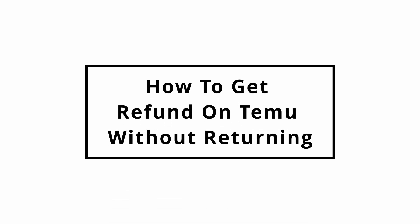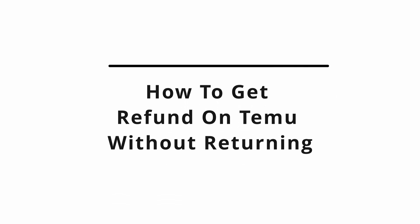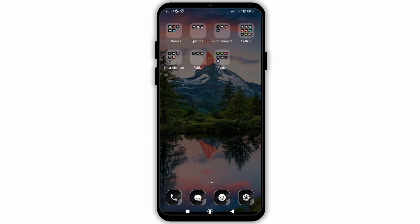How to get a refund on Temu without returning the item. In this video I will show you how you can easily get a refund for an item without returning it to the application. So without any delay, let's get into it.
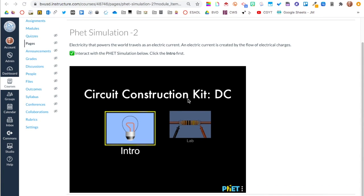Now that you're familiar with embed codes, you can find other resources like Padlet and use their embed code to embed it right onto a page in Canvas.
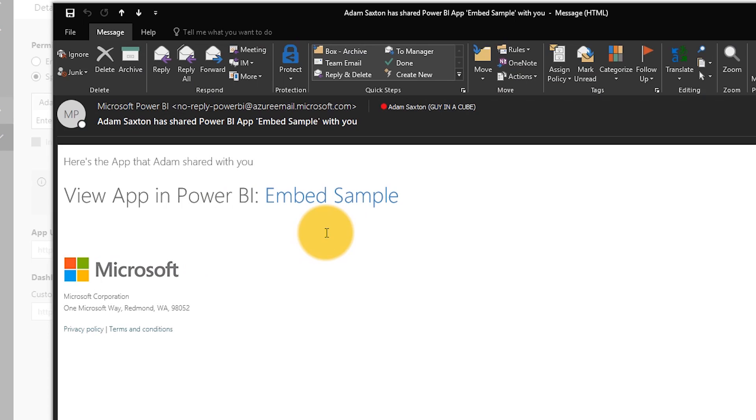As the guest user, once you've accepted the invitation you'll get an email with a link to the published app that you now have access to. The URL for that app — you need to save it. Make sure you bookmark it or put it somewhere you can reference it later, because it's not going to show up automatically inside of PowerBI.com.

About this task: Without any pictures, return the material above exactly.

The completed task:
How to get a refund on Temu without returning the item. In this video I will show you how you can easily get a refund for an item without returning it to the application. So without any delay, let's get into it.
Now that you're familiar with embed codes, you can find other resources like Padlet and use their embed code to embed it right onto a page in Canvas.
As the guest user, once you've accepted the invitation you'll get an email with a link to the published app that you now have access to. The URL for that app — you need to save it. Make sure you bookmark it or put it somewhere you can reference it later, because it's not going to show up automatically inside of PowerBI.com.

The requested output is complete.